A book I’d love to read with teens is Our Beautiful Darkness. It’s by Ondjaki, an Angolan writer and is illustrated by the graphic novelist, António Jorge Gonçalves. The book is an illustrated dialogue between two teens, set in the night in a blackout toward the end of the Angolan civil war. The pages are mostly black with streaks of the characters’ faces, eyes, feet lit by headlights and starlight.
“Can star-wishes be said out loud?” the boy narrator asks.
“Sure. Do you have one in mind?”
“It’s a tricky one. I’d wish for a rainbow, even now.”
“No one can draw a rainbow in a dark sky,” she said.
“I think the angels that steal voices can…I want a
rainbow dotted with lights, like a bridge at night.”
“A bridge?”
“To the other world. And back again. To call back
those who left when it was still their time to be here.”
The translator from the original Portuguese to English, Lyn Miller-Lachmann, writes an historical note to tell readers about the long war in Angola after the county’s war for independence from Portugal. The book is like a prayer to youth and youth’s hope.
Out of Nowhere by Maria Padian is set in a nearby fictional Lewiston, Maine next door to Gorham. Students like seeing their part of Maine in a major novel.
A Very Large Expanse of Sea by Tahereh Mafi.

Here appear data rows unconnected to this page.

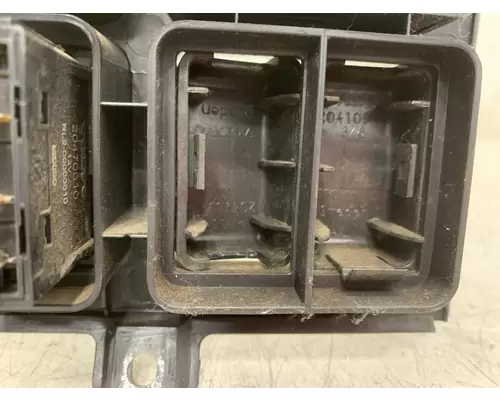 VOLVO VNL Dash  Console Switch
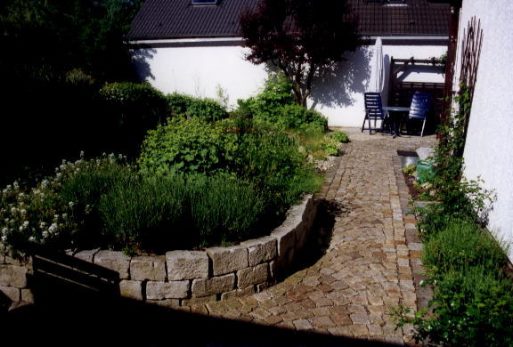 Images/Weg in Granit.jpg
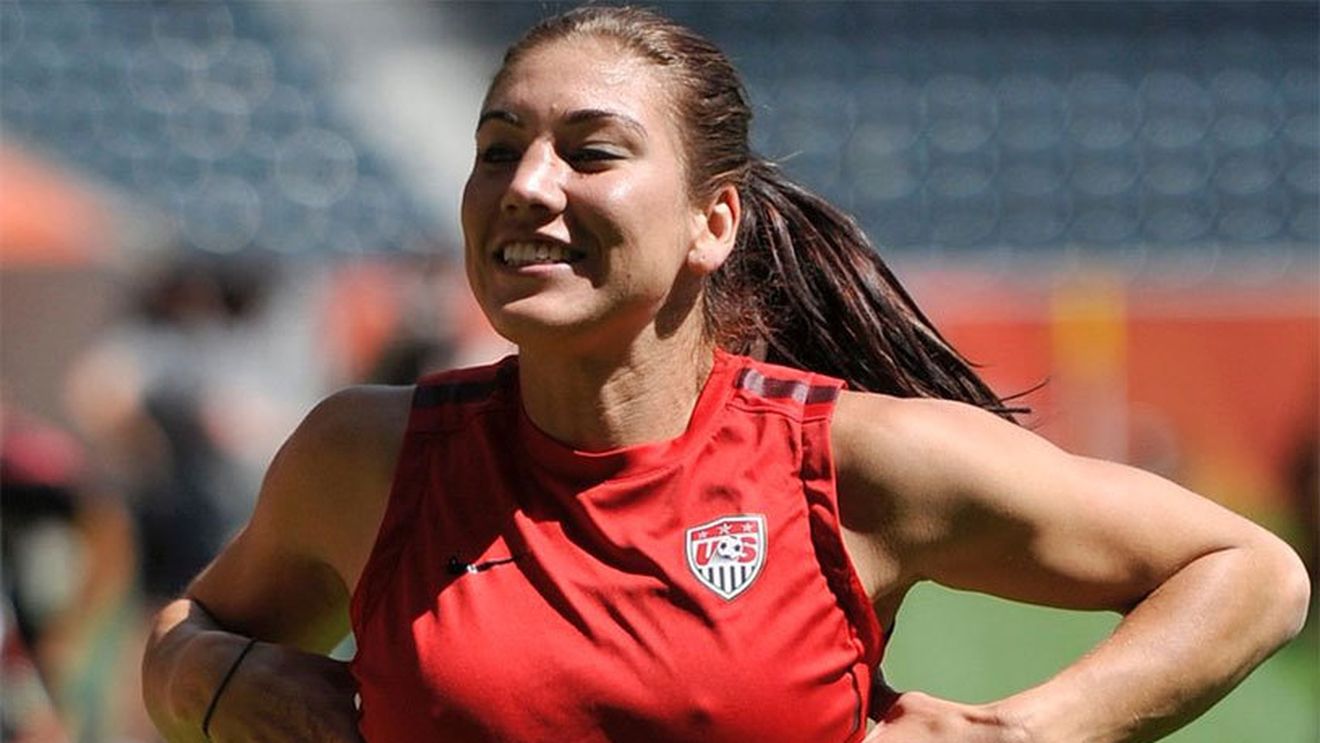 Scandalul momentului în SUA. Un hacker a spart un cont personal al frumoasei portărițe americance Hope Solo și a publicat pozele. Zeci de alte vedete și-au văzut imaginile intime pe net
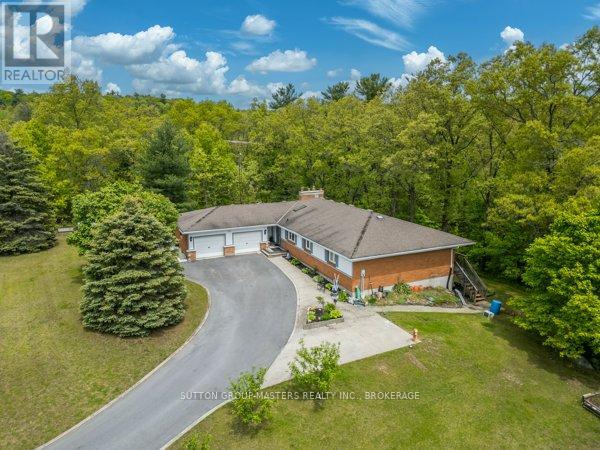 36 Flying Club Rd, Quinte West, ON K0K 2C0
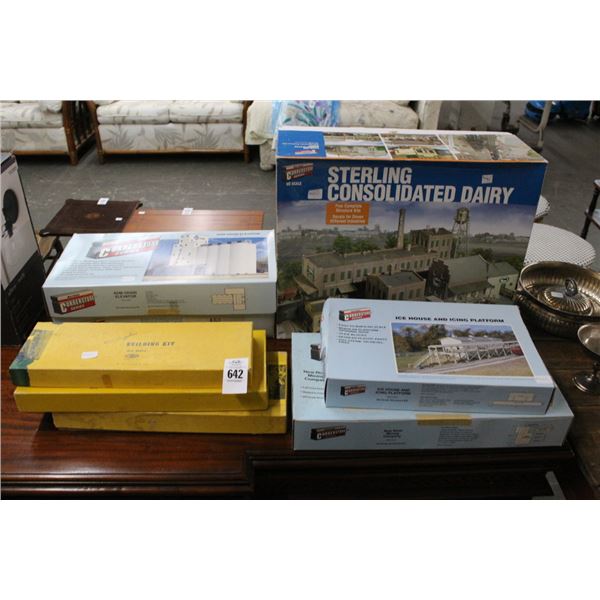 Ho Scale Train Buildings, Accessories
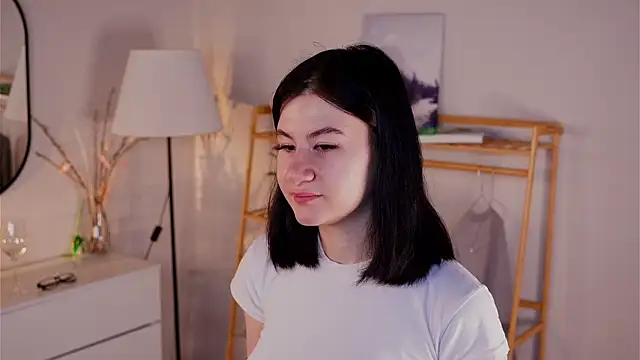 TwilaMode Adlı Modelin Canlı XXX Sohbeti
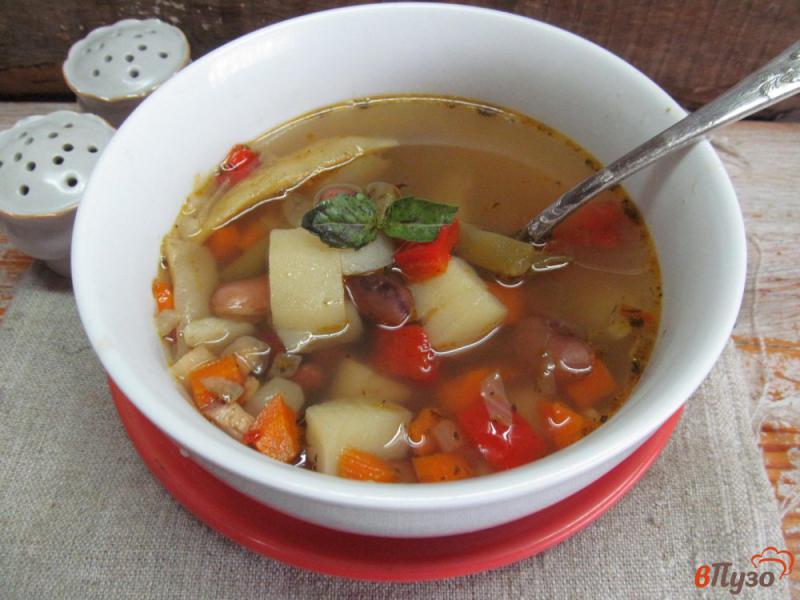Фото приготовление рецепта: Острый фасолевый суп на беконе шаг №8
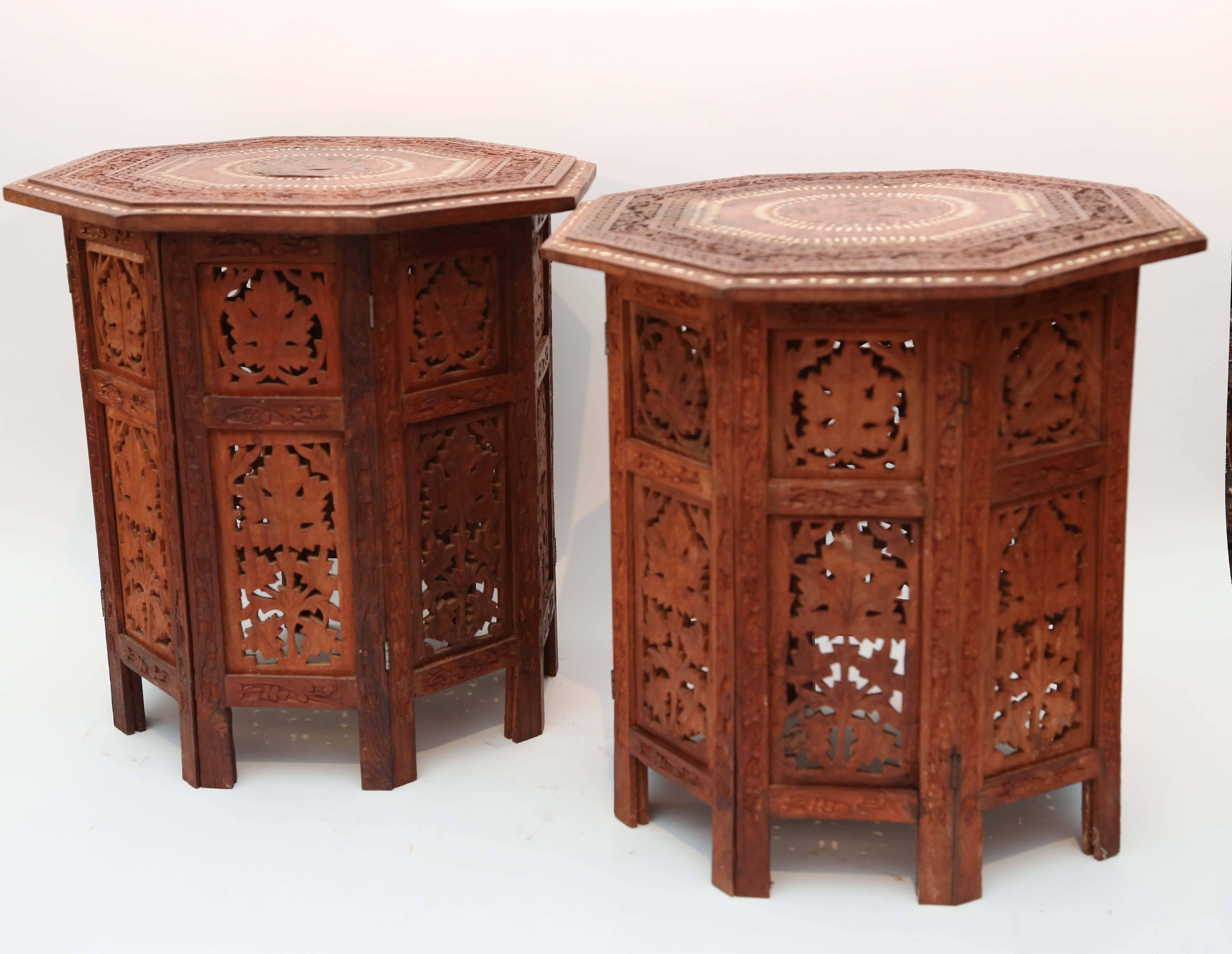 All-over carved with fine detail and floral inlaid tops.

Shirin, the main character, brings us into her life as a Muslim-American in the U.S. one year after 9-11. She has always worn a hijab and does not that change that tradition. Pair her story as one more account with others of the impact on Americans of the 9-11 attack. The author, Mafi, is Iranian-American. She shows us an angry 16-year old Shirin, hardened by prejudice against her, who undergoes a fascinating, unraveling of her steely indifference when she falls in love and faces a new kind of vulnerability and moral responsibility to another. It’s also about having breakdancing to live for.
When a Brown Girl Flees is by Aamna Qureshi. Kelly hopes to get her hands on this one since it’s popular and is always checked out. Qureshi’s main character, Zahra, 18 years old, runs away from her devout, Muslim home in California where one of the few choices allowed by her traditional family when she graduates is to accept an arranged marriage. Students want to talk about how a person tries on different identities to be able to figure out their own and want to read novels with characters doing that, as Zahra does.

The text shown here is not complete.